Give an exact copy of the data that follows, but none of its pictures.

### [Recorded information]
____________________
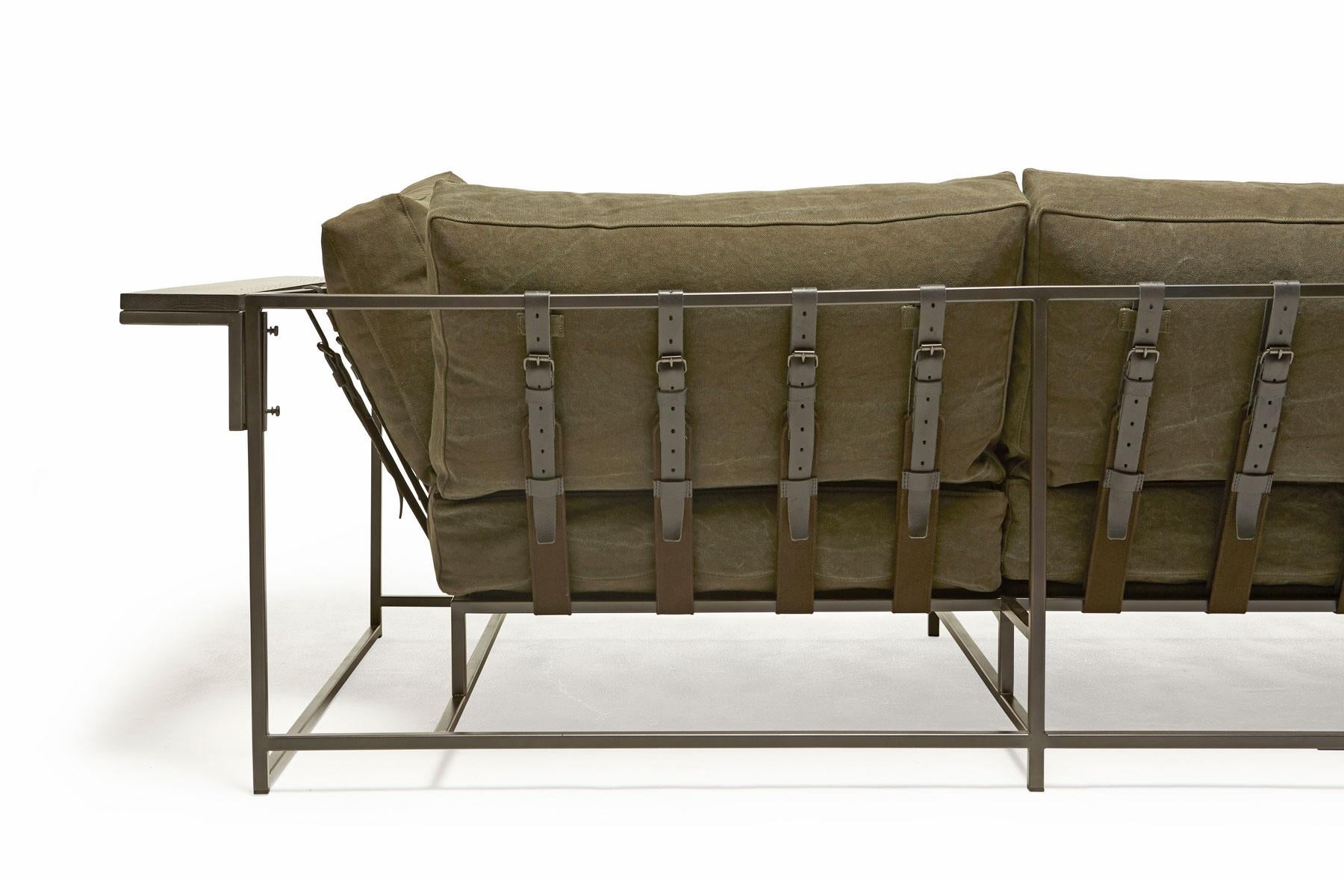 Ensemble canapé et pouf en toile lourde olive foncé en vente 1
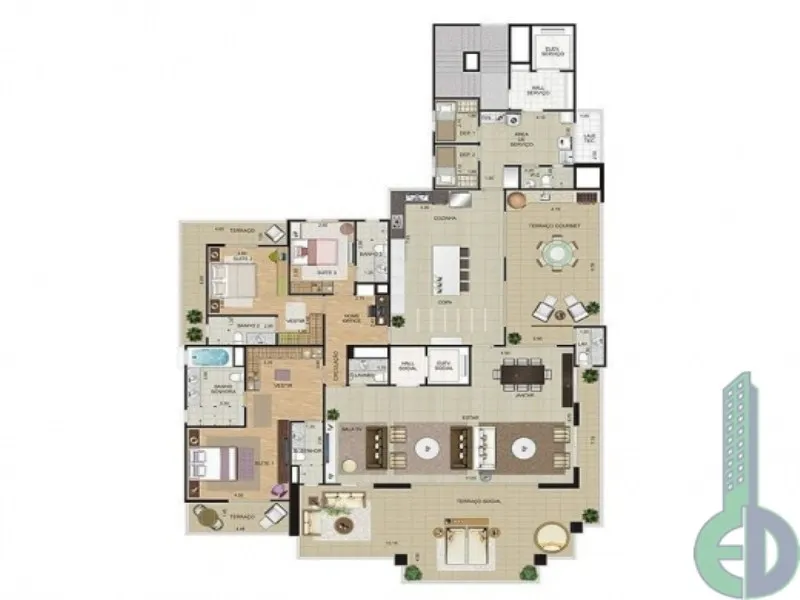 Imagem Edifício Villa Lobos Santo André Sp, apartamento de alto padrão em Santo André Sp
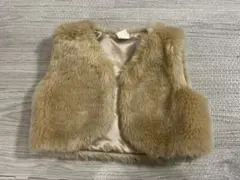 【H&M】ベージュ ファーベスト 90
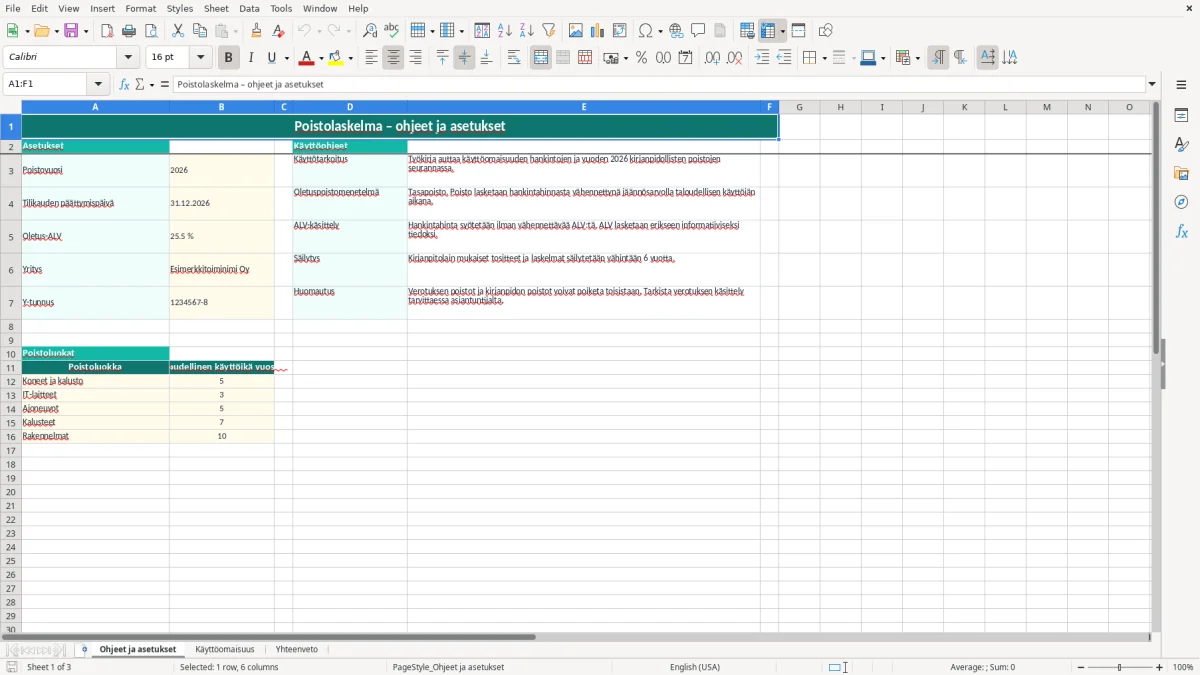 Kuvakaappaus 1: välilehti Ohjeet ja asetukset - Excel-pohja poistolaskelma käyttöomaisuus excel pohja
____________________
### [Answer space]
 Ensemble canapé et pouf en toile lourde olive foncé en vente 1
 Imagem Edifício Villa Lobos Santo André Sp, apartamento de alto padrão em Santo André Sp
 【H&M】ベージュ ファーベスト 90
 Kuvakaappaus 1: välilehti Ohjeet ja asetukset - Excel-pohja poistolaskelma käyttöomaisuus excel pohja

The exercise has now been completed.